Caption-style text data
- Opening Delimiter -
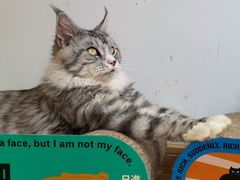 -猫在这儿猫咪咖啡馆·撸猫馆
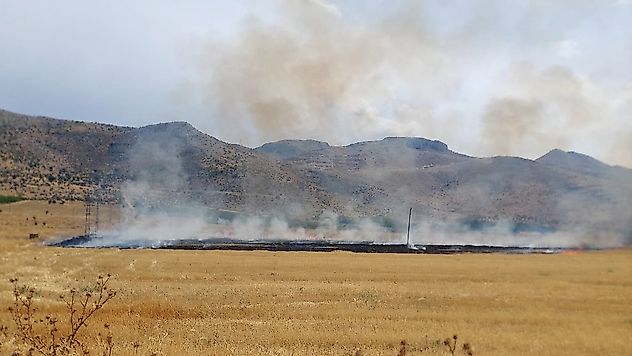 Malatya'da Tarımsal Üretim Sahasında Yangın Paniği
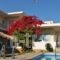 Cormoranos Apartments_accommodation_in_Apartment_Crete_Chania_Kissamos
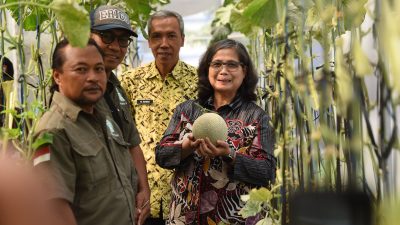 Petik Melon di P4S Langgeng Mazaya Kelurahan Pakunden, Pj Wali Kota Kediri: Sejalan dengan Program Presiden Prabowo Tentang Kemandirian Pangan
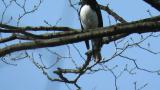Male Blue-and-white Flycatcher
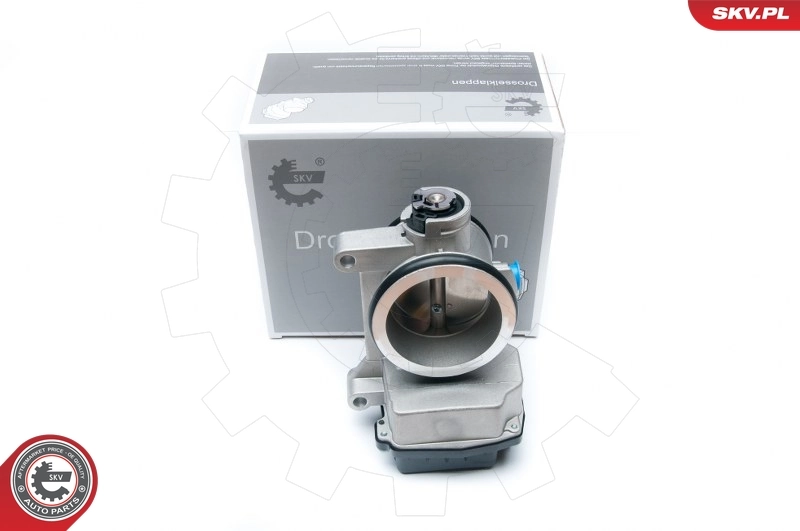 Throttle Body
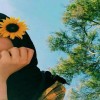 مستخدم مجهول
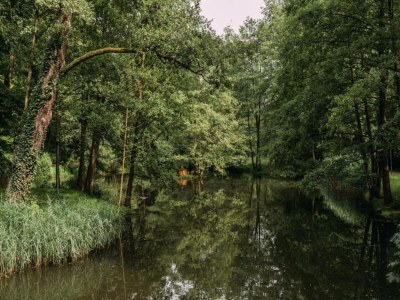 Apartment Ruhiger Komfort in Oelsnitz - Environment photo 27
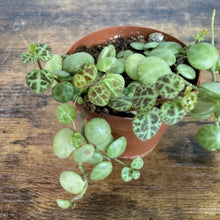 Load image into Gallery viewer, Peperomia String of Turtles plant in terracotta pot with variegated trailing vines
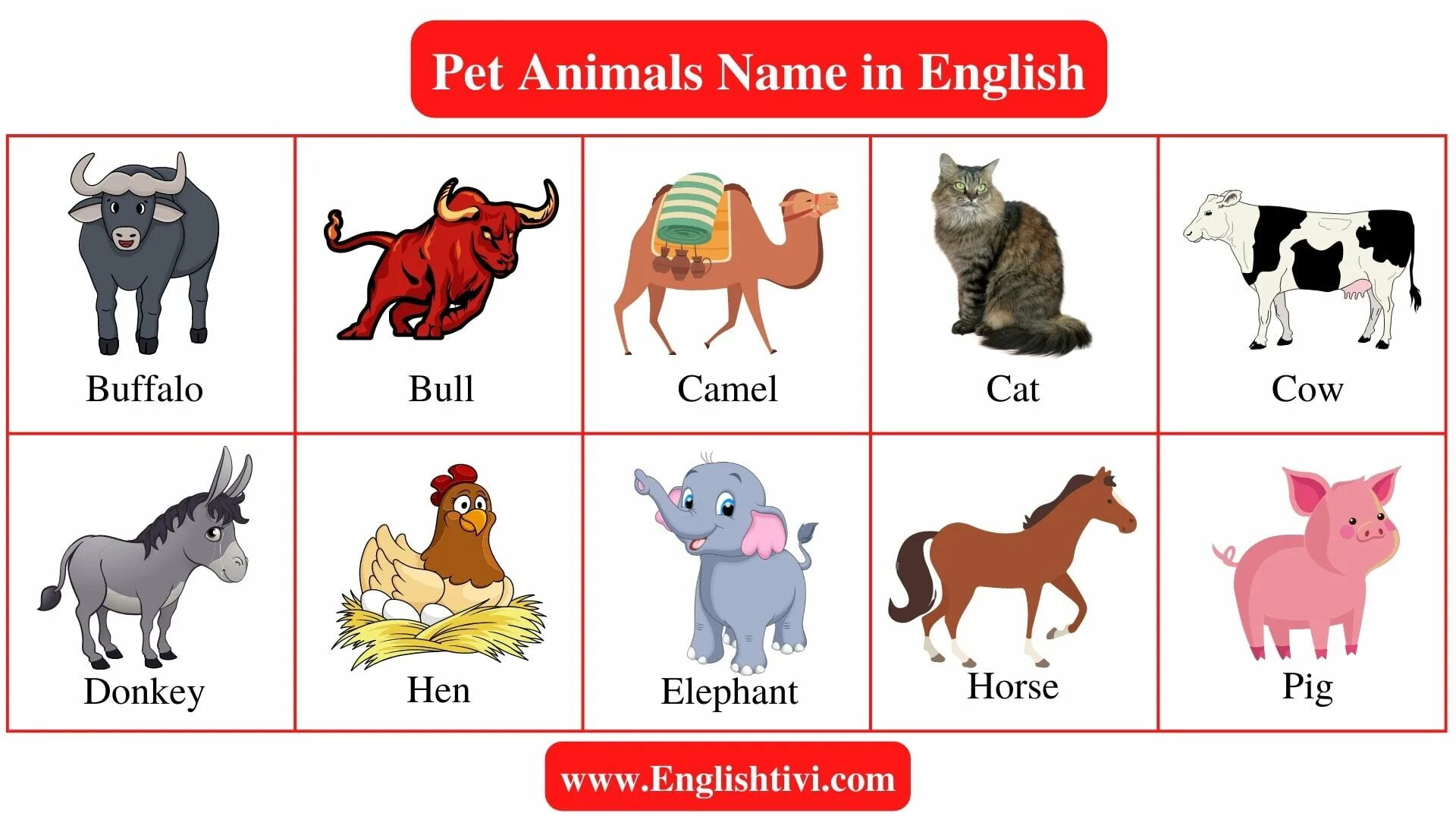 Name 5 pets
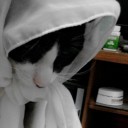 สมาชิกหมายเลข 2319502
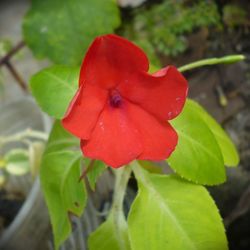 Close-up of red flower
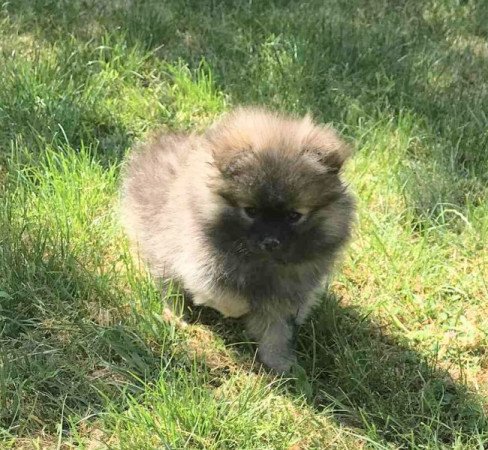 Pomerániai törpe spicc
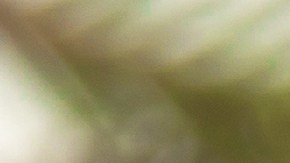 El secreto del baileys está en hacerlo en dos fases.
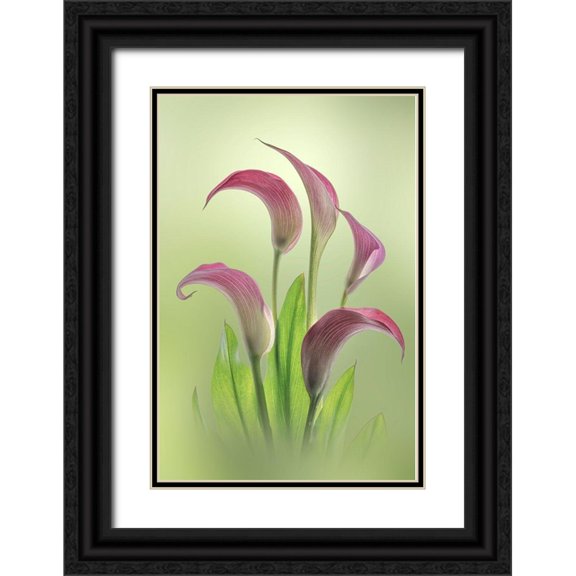 Jaynes Gallery 17x24 Black Ornate Wood Framed with Double Matting Museum Art Print Titled - Washington State-Seabeck Calla lily flowers close-up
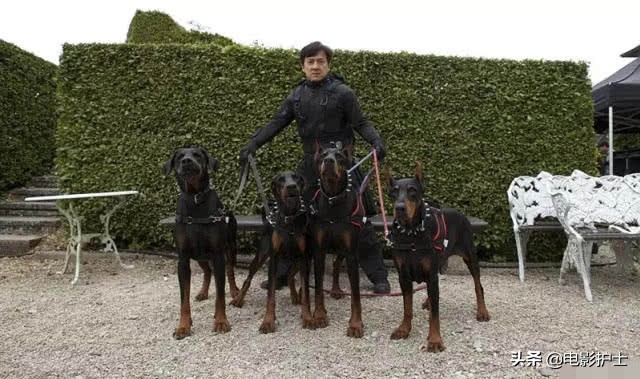 俄罗斯票房大卖23亿,成龙最新电影票房排行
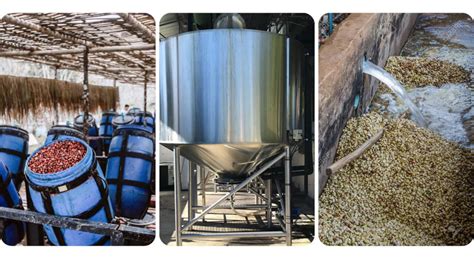 Proceso de fermentación en tanques sellados para café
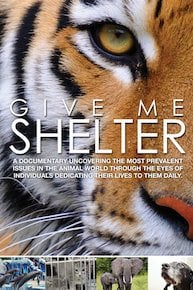 Give Me Shelter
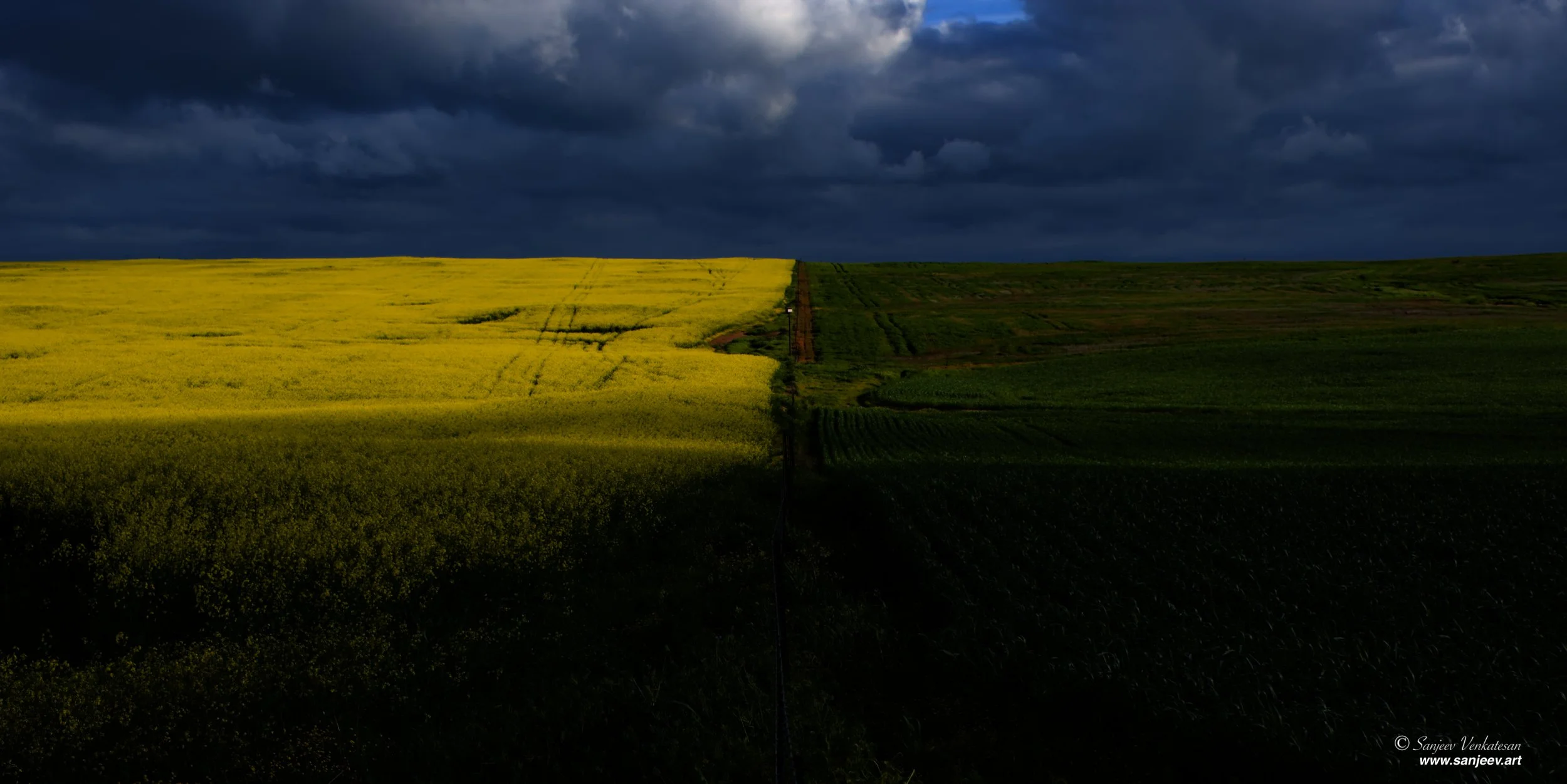 Pub PoppiField Split SA.jpg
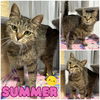 adoptable Cat in pierceton, IN named Summer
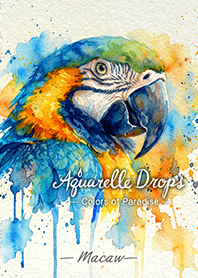 Aquarelle Drops - Macaw -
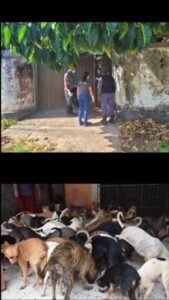 São Luis: ossada humana é encontrada em casa de idosa que criava mais de 100 cães; suspeita é de que a ossada seja da idosa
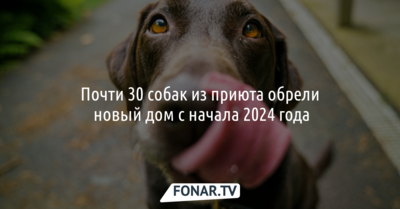 Почти 30 собак из белгородского приюта обрели новый дом с начала 2024 года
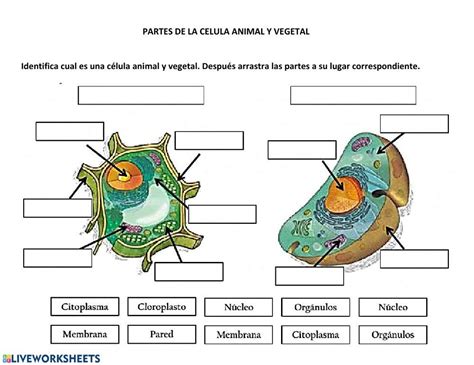 Sopa De Letras De La Celula Animal Y Vegetal Para Imprimir Compartir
- Closing Delimiter -
- **Work item**
Output the data exactly as it is, with the pictures dropped.

- **Final answer**
 -猫在这儿猫咪咖啡馆·撸猫馆
 Malatya'da Tarımsal Üretim Sahasında Yangın Paniği
 Cormoranos Apartments_accommodation_in_Apartment_Crete_Chania_Kissamos
 Petik Melon di P4S Langgeng Mazaya Kelurahan Pakunden, Pj Wali Kota Kediri: Sejalan dengan Program Presiden Prabowo Tentang Kemandirian Pangan
Male Blue-and-white Flycatcher
 Throttle Body
 مستخدم مجهول
 Apartment Ruhiger Komfort in Oelsnitz - Environment photo 27
 Load image into Gallery viewer, Peperomia String of Turtles plant in terracotta pot with variegated trailing vines
 Name 5 pets
 สมาชิกหมายเลข 2319502
 Close-up of red flower
 Pomerániai törpe spicc
 El secreto del baileys está en hacerlo en dos fases.
 Jaynes Gallery 17x24 Black Ornate Wood Framed with Double Matting Museum Art Print Titled - Washington State-Seabeck Calla lily flowers close-up
 俄罗斯票房大卖23亿,成龙最新电影票房排行
 Proceso de fermentación en tanques sellados para café
 Give Me Shelter
 Pub PoppiField Split SA.jpg
 adoptable Cat in pierceton, IN named Summer
 Aquarelle Drops - Macaw -
 São Luis: ossada humana é encontrada em casa de idosa que criava mais de 100 cães; suspeita é de que a ossada seja da idosa
 Почти 30 собак из белгородского приюта обрели новый дом с начала 2024 года
 Sopa De Letras De La Celula Animal Y Vegetal Para Imprimir Compartir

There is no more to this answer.